In light of this, McLaren argues, that we need to have “indigo” Christians, Muslims, Jews, Hindus, Buddhists, atheists, and others come together to create a “violet” zone where healing and unity can take place. This zone,
“…challenges us, then, to learn to see in a completely new and unpracticed way, to forgo seeing previous stages in the old dualistic terms of good/evil or right/wrong. As we get acclimated to the violet zone, we learn to see all previous zones as appropriate and adequate for their context, just as we consider infancy, childhood, and adolescence as appropriate and adequate in their time, not bad, evil, or wrong. Similarly, the new stage into which we are growing isn’t right; it’s simply appropriate and adequate for the challenges we now face. (237)”

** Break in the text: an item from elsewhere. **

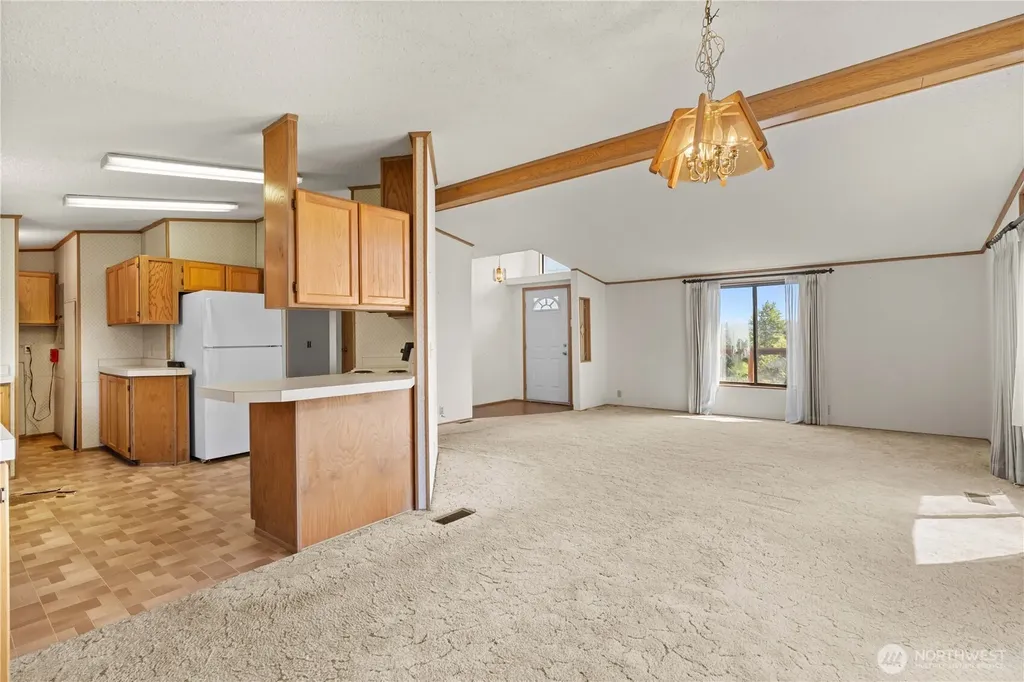 812 68th Avenue E Fife WA 98424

To support this religious evolutionary mindset McLaren argues from 1 Corinthians 13:11–14:1:
“When I was a child, I spoke like a child, I thought like a child, I reasoned like a child. When I became a man, I gave up childish ways. For now we see in a mirror dimly, but then face to face. Now I know in part; then I shall know fully, even as I have been fully known.
So now faith, hope, and love abide, these three; but the greatest of these is love.

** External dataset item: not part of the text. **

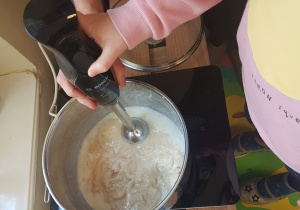 dzieci robią sos waniliowy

Pursue love, and earnestly desire the spiritual gifts, especially that you may prophesy.”
(1 Corinthians 13:11–14:1 ESV)
It is here that McLaren sees Paul calling for an evolution in our understanding. He argues that Paul is calling for a consistent move away from exclusive faith to an inclusive faith because in so doing we find greater wholeness and ubuntu.
Reflections
I appreciate McLaren’s desire to bring some closure to the discussion. I am thankful that in this chapter he has laid his cards on the table and allowed us to fully understand his presuppositions. I also think that his use of other disciplines is warranted and appreciated. It is always helpful for us to think through our faith from the macro-historical level.

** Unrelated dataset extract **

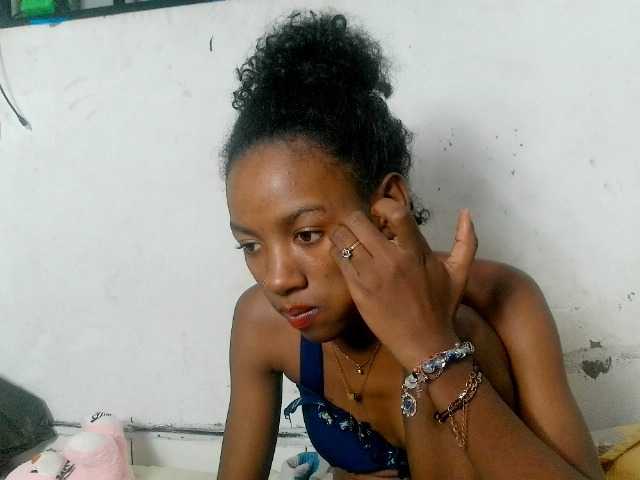 Claudiaah live cam on BongaCams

I read this chapter and my breaking heart finally broke. I found so much in this work that I appreciate but this heart broke me because in it I found that McLaren was not calling for a new kind of Christianity just an old kind of religious pluralism. I felt as though I was reading John Hick from nearly fifteen years ago. McLaren could have just pointed us to a Newsweek article on how we are all becoming Hindus and made it easier on himself.
The treatment of 1 Cor 13:11–14:1 does not do justice to the passage and ignores it’s immediate context. The problems that the Corinthians had was in-house. This passage is in connection to the worship service and is followed by chapter fifteen’s description of the resurrection and its centrality to the faith.
Conclusion
To close these posts I want to say that I recommend a reading of McLaren’s text. The reason is that it provides a good dialogue partner. McLaren raises many questions that need to be answered. In the near future I will seek to give my own perspectives on these ten questions. Some of the answers are better than others. Some of the pendulum swings are necessary and good. However, at the end all of this is left wanting because Jesus the crucified and resurrected God the Son is strangely absent. His uniqueness is set aside in the name of “peace”. Yet Paul in his letter to the Romans is quite clear, “Therefore, since we have been justified by faith, we have peace with God through our Lord Jesus Christ.”